[Image-text web data]

□ □ □

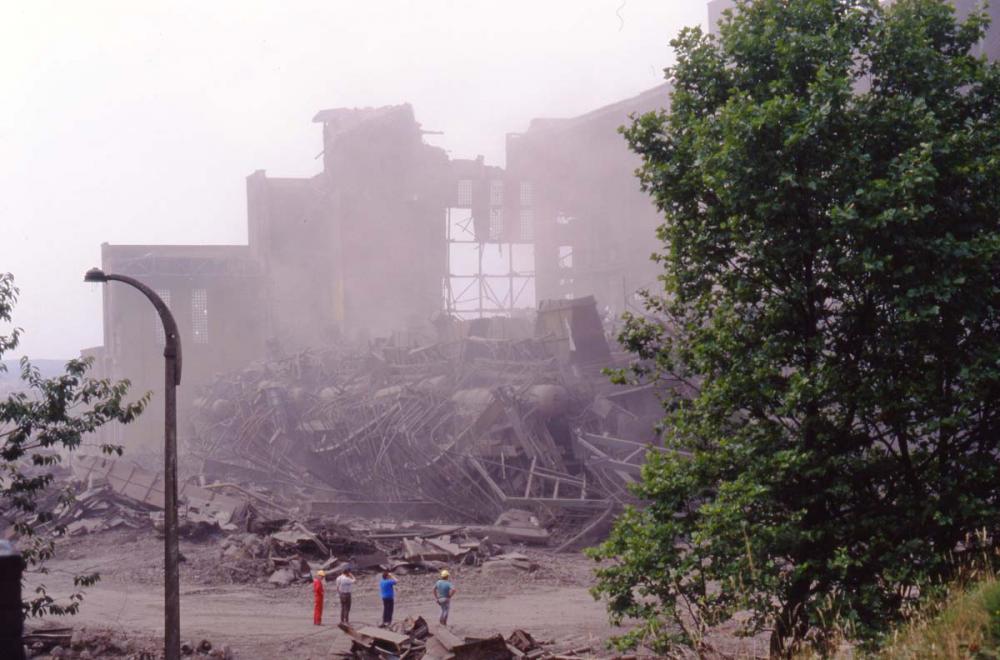 Demolition of Westwood Power Station 3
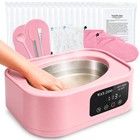Paraffin Wax Bath For Hands   Feet  7 9 Lbs Unscented Wax  18-pack Refill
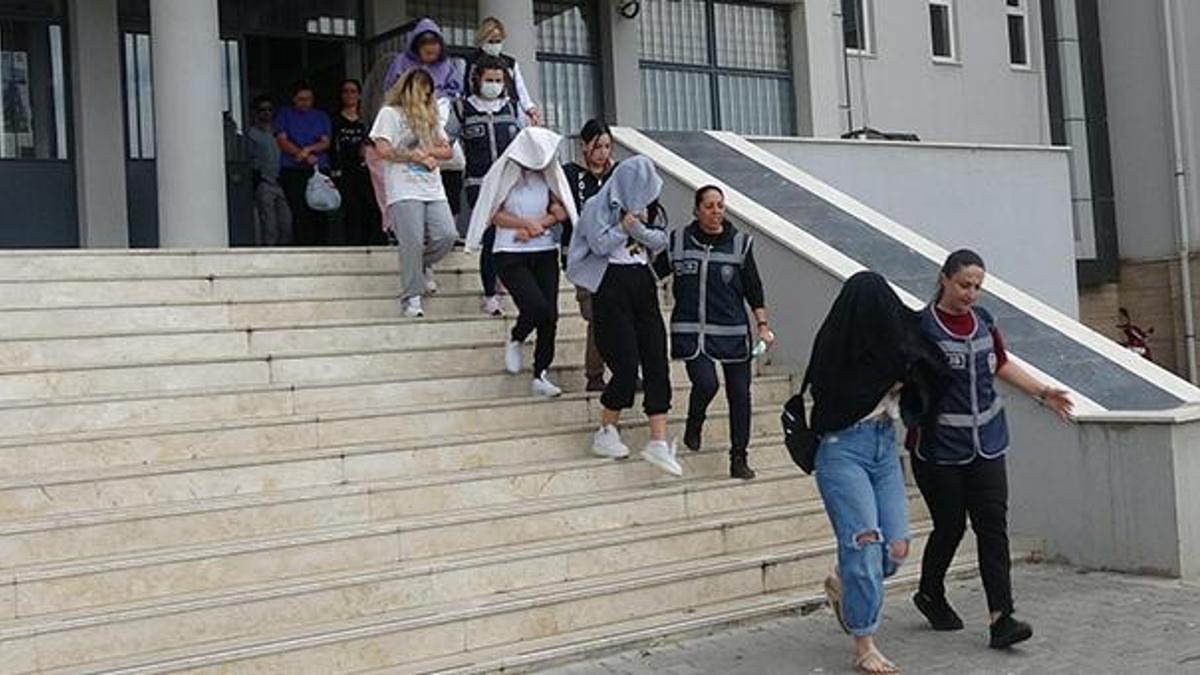 Sanal eskort operasyonu! Bu yöntemle müşterilerini tuzağa düşürmüşler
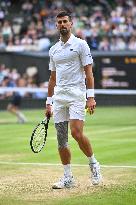 Wimbledon - Djokovic v Musetti Semi-Final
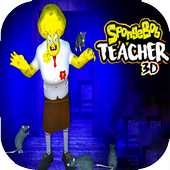 Scary sponge granny teacher: Scary Games Mods 2020 icon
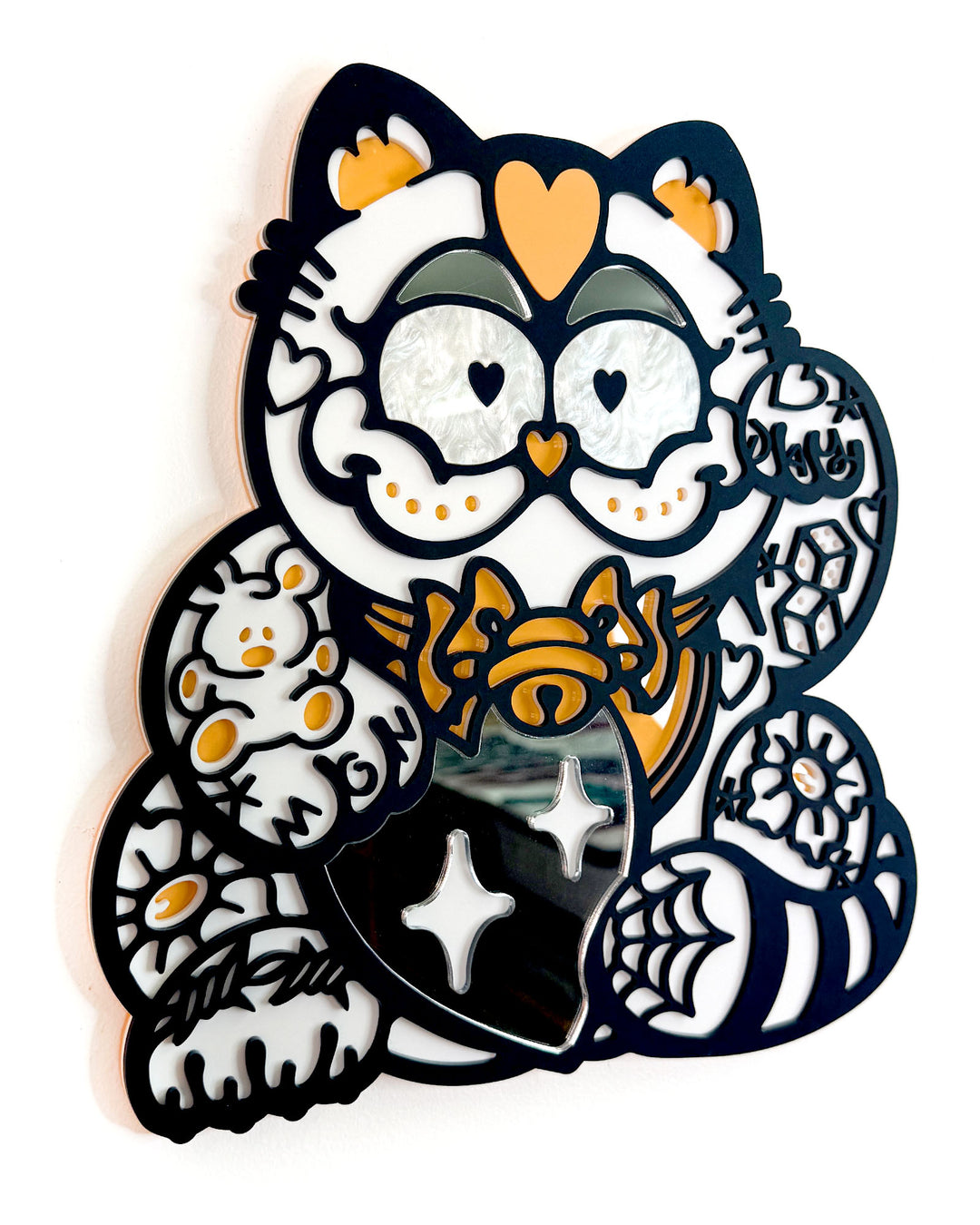 Lucky Garfield 30cm/11.8" (Sample)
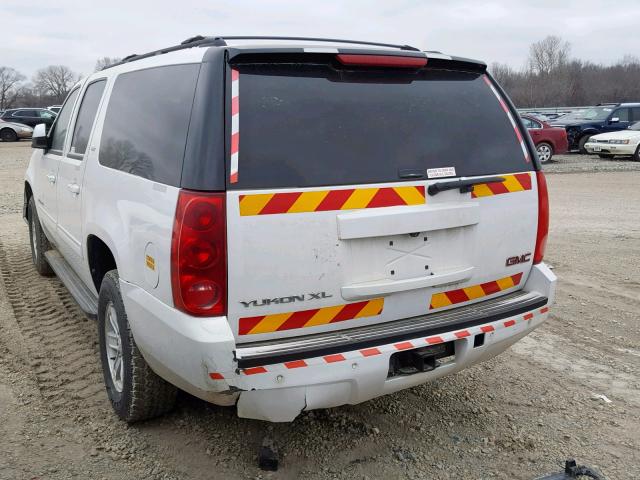 1GKS2KE74DR179556 - 2013 GMC YUKON XL K WHITE photo 3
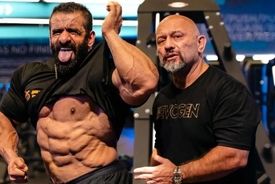 خداحافظی هانی رامبد از هادی چوپان و بدنسازی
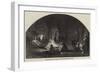 Scene from The Camp of Silesia, at Astley's, the Pandours' Cavern-null-Framed Giclee Print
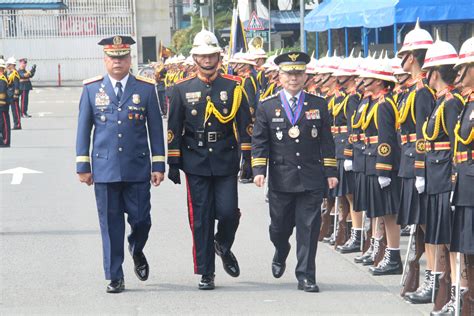 Korea National Police Agency Knpa With Tdidm Courtesy Call To Chief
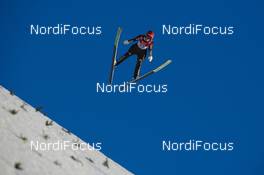 03.12.2017, Lillehammer, Norway (NOR): Carina Vogt (GER) - FIS world cup ski jumping ladies, individual HS138, Lillehammer (NOR). www.nordicfocus.com. © Rauschendorfer/NordicFocus. Every downloaded picture is fee-liable.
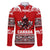 Haida Hockey Canada Family Matching Puletasi and Hawaiian Shirt Maple Leaf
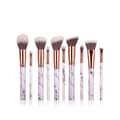Miniatyrbillede 4 af 4: Marble Handle 10 pcs. makeup brushes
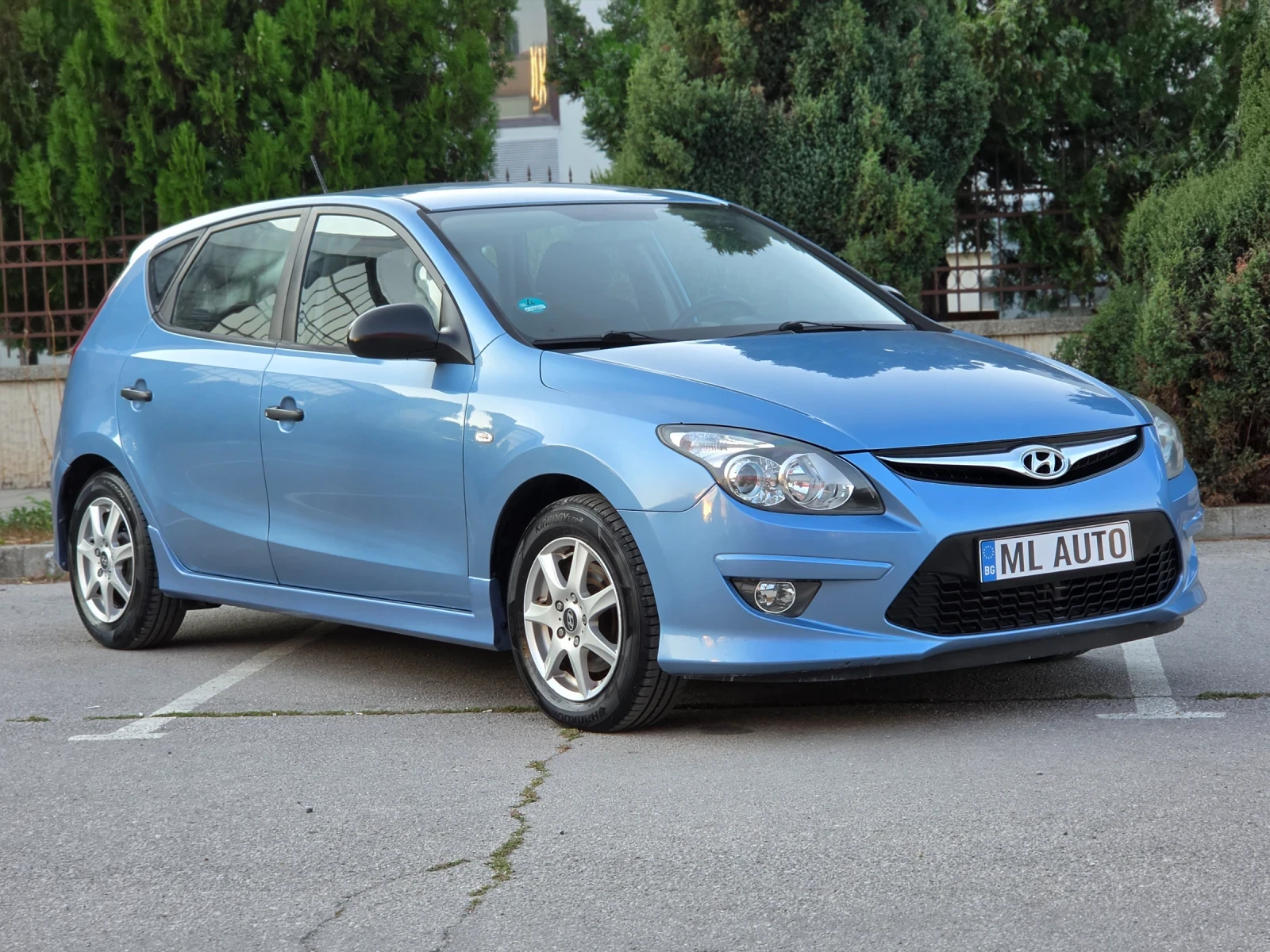 Hyundai I30 1.6CRDI 90hp * КЛИМАТИК * EURO 5 * ЛИЗИНГ * , снимка 2 - Автомобили и джипове - 55564916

□ □ □

_Work required_
This exercise needs every entry retyped exactly, with the pictures removed.

_Response to the exercise_
 Demolition of Westwood Power Station 3
Paraffin Wax Bath For Hands   Feet  7 9 Lbs Unscented Wax  18-pack Refill
 Sanal eskort operasyonu! Bu yöntemle müşterilerini tuzağa düşürmüşler
 Wimbledon - Djokovic v Musetti Semi-Final
 Scary sponge granny teacher: Scary Games Mods 2020 icon
 Lucky Garfield 30cm/11.8" (Sample)
 1GKS2KE74DR179556 - 2013 GMC YUKON XL K WHITE photo 3
 خداحافظی هانی رامبد از هادی چوپان و بدنسازی
 Scene from The Camp of Silesia, at Astley's, the Pandours' Cavern-null-Framed Giclee Print
 Korea National Police Agency Knpa With Tdidm Courtesy Call To Chief
 03.12.2017, Lillehammer, Norway (NOR): Carina Vogt (GER) - FIS world cup ski jumping ladies, individual HS138, Lillehammer (NOR). www.nordicfocus.com. © Rauschendorfer/NordicFocus. Every downloaded picture is fee-liable.
 Haida Hockey Canada Family Matching Puletasi and Hawaiian Shirt Maple Leaf
Miniatyrbillede 4 af 4: Marble Handle 10 pcs. makeup brushes
 Hyundai I30 1.6CRDI 90hp * КЛИМАТИК * EURO 5 * ЛИЗИНГ * , снимка 2 - Автомобили и джипове - 55564916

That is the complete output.